And then the last thing is, the off-site. We are getting a lot of Japanese sending us the bag from their vacuum cleaner. These people are out at 80 and 90 miles. And those bags are so radioactively contaminated that in the United States they would be nuclear waste. The Japanese sleep on the floor, you know they roll mats out and they sleep on the floor. They are pretty fastidious, they leave their shoes at the door. And yet still we are seeing house dust that is incredibly contaminated. So I think our hearts have to go out to the Japanese. This is not a problem that has gone away or is going to go away in the near future.

Tom Ritter: Now Arnie, we have new listeners all the time and I would assume that a lot of our listeners are not nuclear scientists like yourself. How does this spread? Obviously if you are in close proximity to this radiation, you are going to have a bad day and you are probably not going to be around very long. But how does this spread to get to 80, 90, 200 miles away from the plant?

Arnie Gundersen: That is a great question. These plants were designed with a containment around the nuclear reactor and the containment was supposed to contain. It obviously broke. The containments on this design reactor are broken. That was something that nobody ever anticipated would happen. If the containments had maintained their integrity, it would not have happened. We have got 23 plants in the U.S. like this plant. A little bit north of you, but up in Illinois there is Dresden and Quad Cities. So we have got several that people have known for years have been problematic and yet we continue to operate them. To my mind, the first lesson of Fukushima, is this particular containment design, I am not talking about all our nuclear reactors, but this one, 23 of them, have been shown to be a problem and are just a major concern. If the containment works, to answer your question in 5 words, if the containment works, everything stays inside. But at Fukushima, it did not work.

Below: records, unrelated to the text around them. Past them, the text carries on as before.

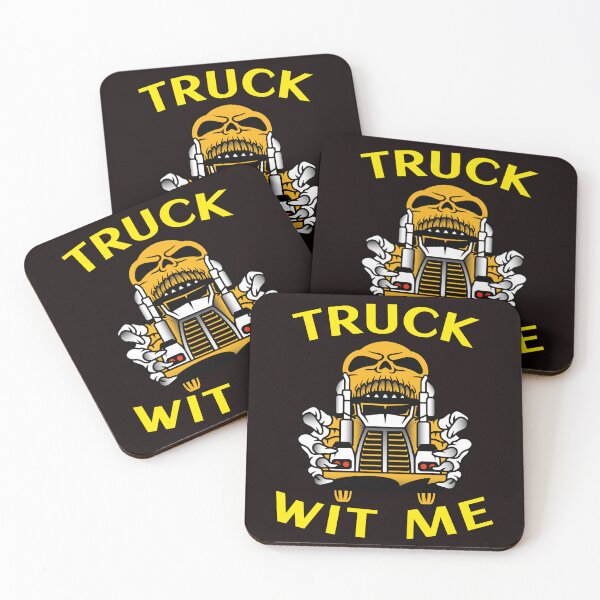 Item preview, Mad Trucker Truckers Skull Truck Wit Me NFGY designed and sold by TeamsterLife.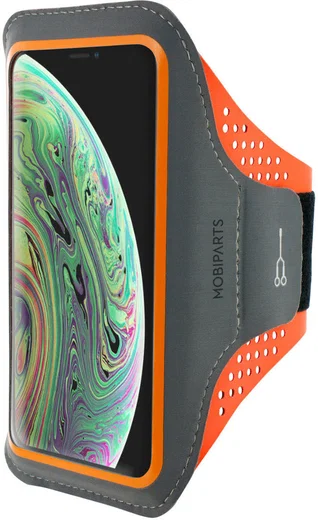 Mobiparts Comfort Fit Armband Apple iPhone XS / X Sporthoesje Oranje afbeelding 1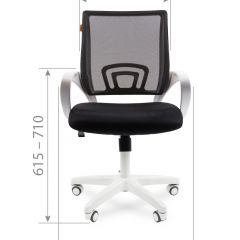 Кресло для оператора CHAIRMAN 696 white (ткань TW-10/сетка TW-05) в Тобольске - tobolsk.mebel24.online | фото 6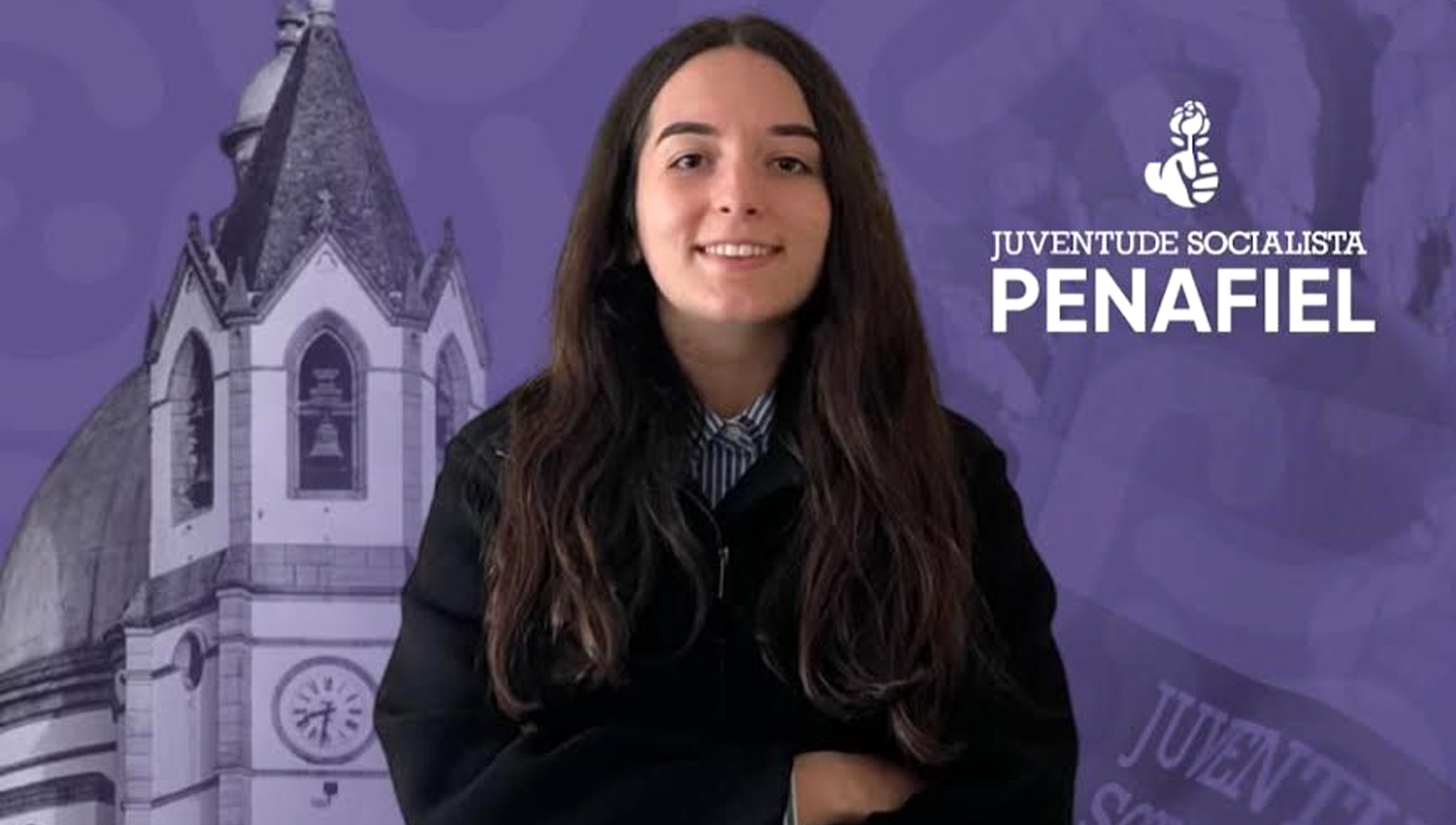 Isabel Ferraz e a nova presidente da Juventude Socialista de Penafiel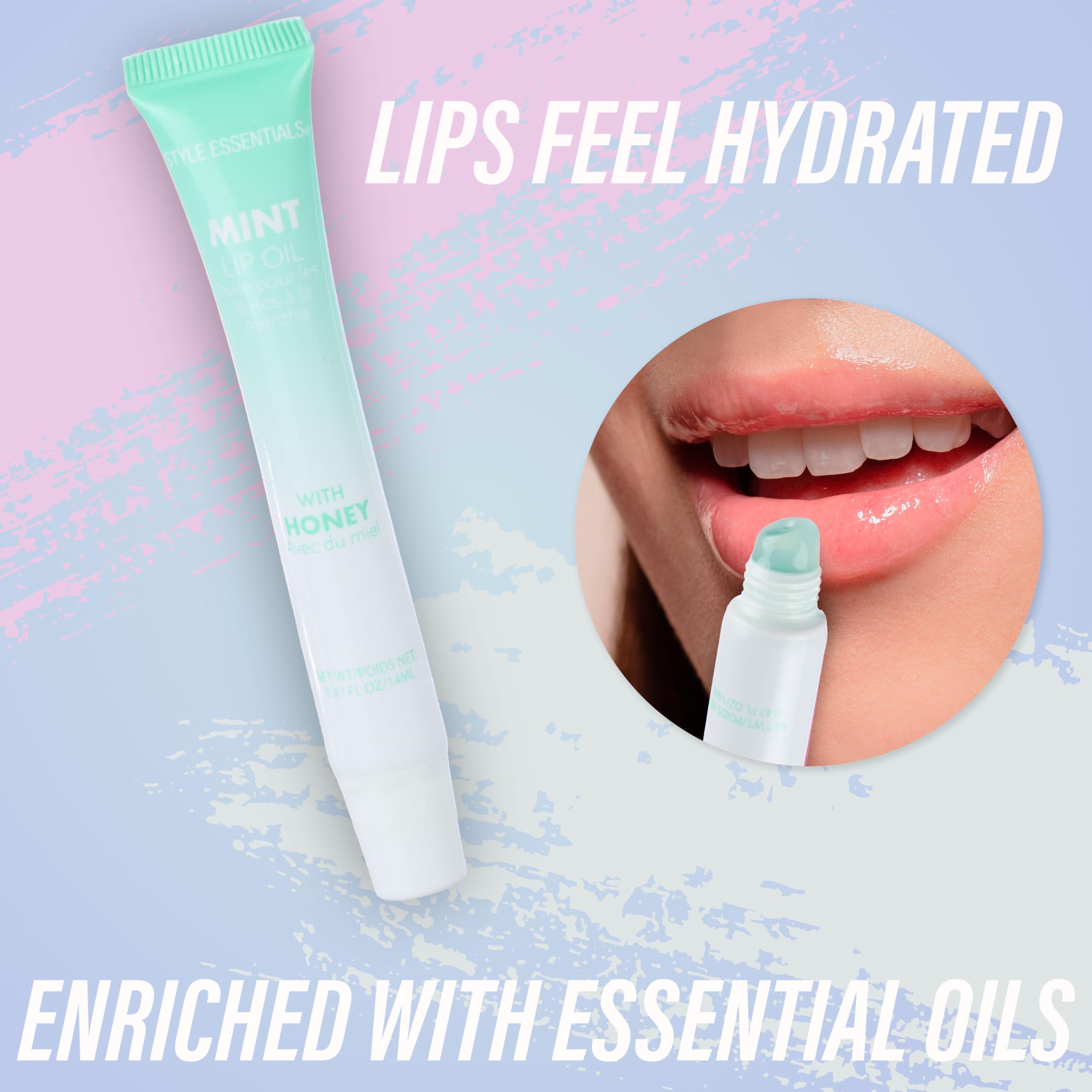 EXPRESSIONS coconut lip oil nourishes and softens lips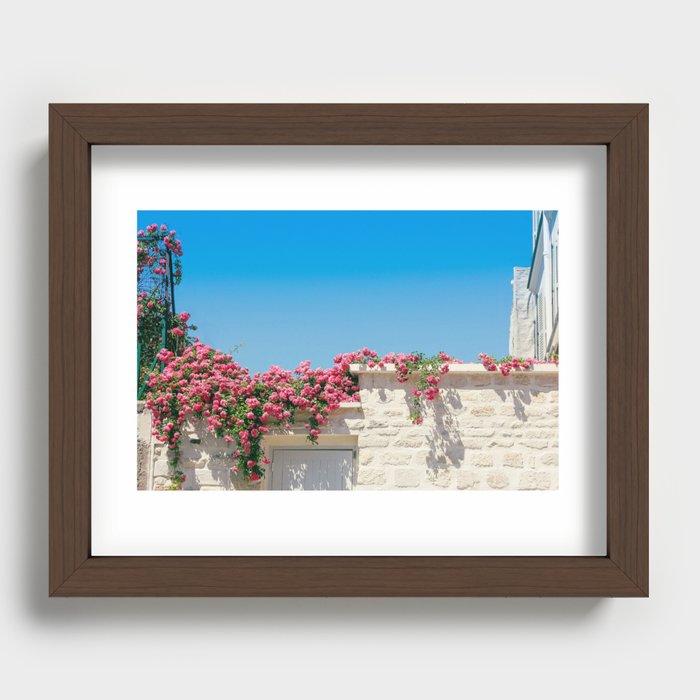 Roses in Paris Recessed Framed Print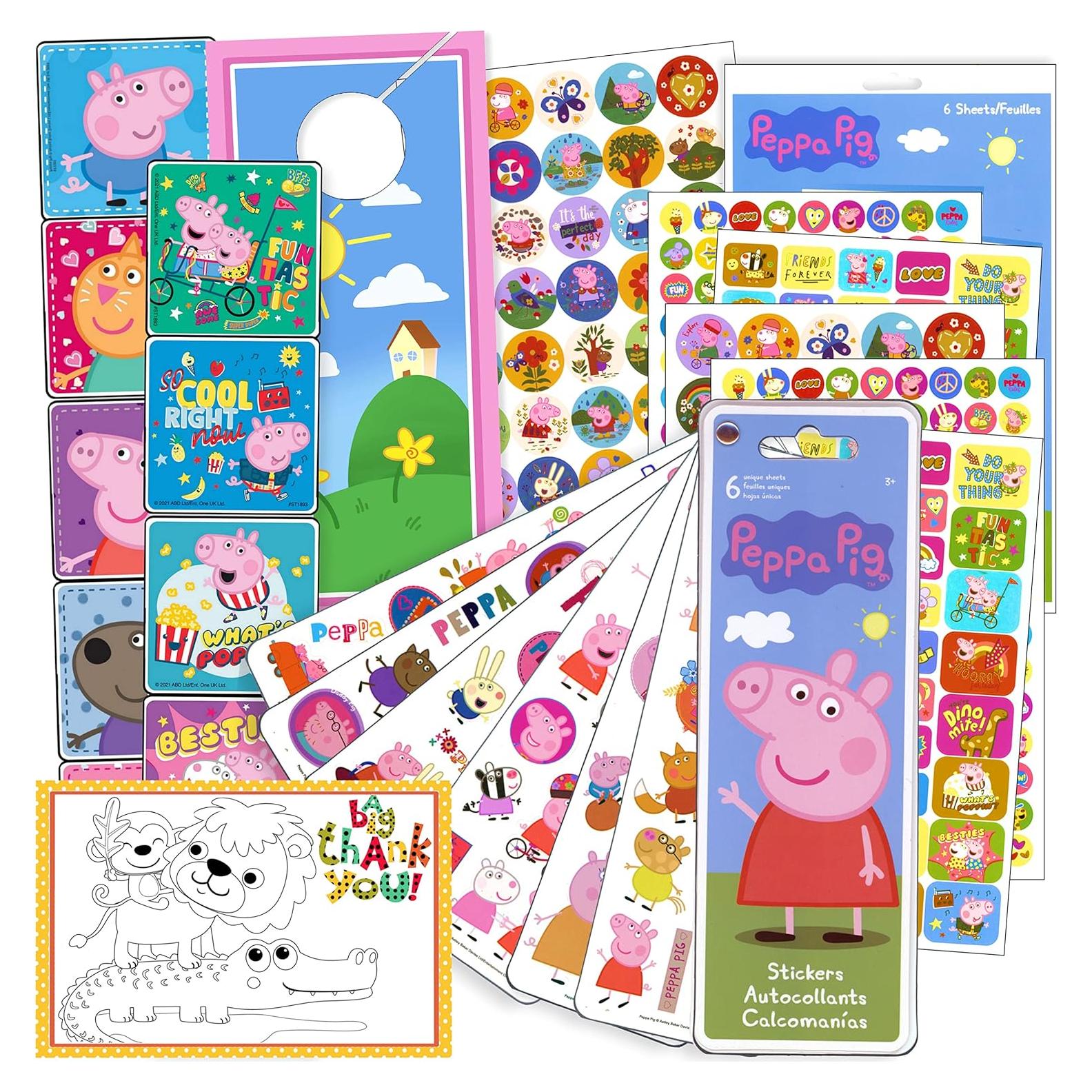 Conjunto de Stickers Peppa Pig + Colgador Doble Cara + Manualidad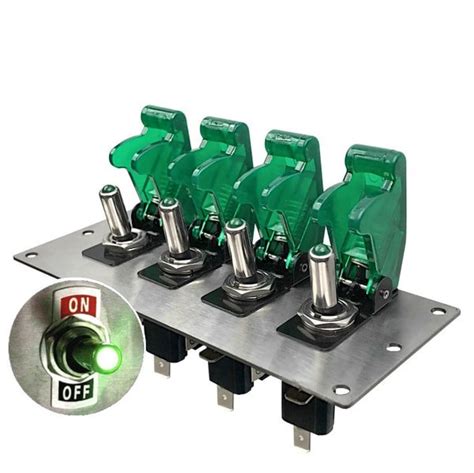 Lighted Toggle Switch Panel – 4 LED Tip Switches | MGI SpeedWare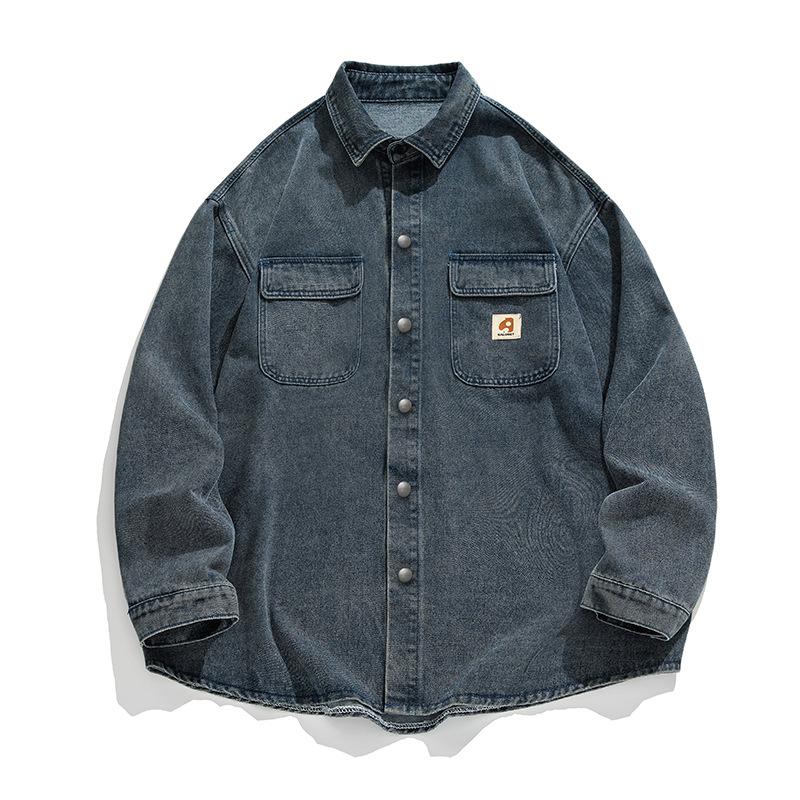 Jackets | Georges Shirt Jacket Denim – Mens Clothing Jackets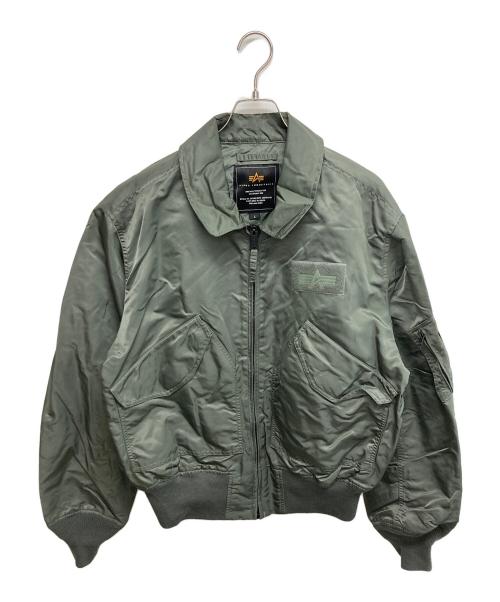 ALPHA（アルファ）ALPHA (アルファ) CWU-36Pフライトジャケット グリーン サイズ:SIZE Lの古着・服飾アイテム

Tom Ritter: But once again, does the water evaporate and then it rains down upon people or is it because they are burning the contaminated materials or how does it actually get from point A to point B?

Arnie Gundersen: It was released as steam and gas and very fine particles, smaller than a human hair, and wafted with the wind. Then as it rained, it settled out in the forests and in the people's yards, and throughout Japan as far away as Tokyo and Tokyo is 150 miles away. Essentially Northern Japan is contaminated. When I was over there, I took 5 samples and all of them were contaminated. They were in public areas, public parks in the middle of Tokyo. Now, the Japanese are trying to downplay the health significance of that. We call them hot particles and they wind up in kids shoelaces. And then the kid ties his shoes and they are on his hands and then they are in his gut. So it is a long term problem. I am on record as saying that we can expect a significant increase in cancers over the next 20 or 30 years, especially in women and young children as a result of this. But right now, we are just seeing thyroid nodules. The first indication of the problem is that there is about 30 or 40% of the people in Fukushima Prefecture have lumps in their thyroid and that is an indication of radiation exposure that could lead to thyroid cancers.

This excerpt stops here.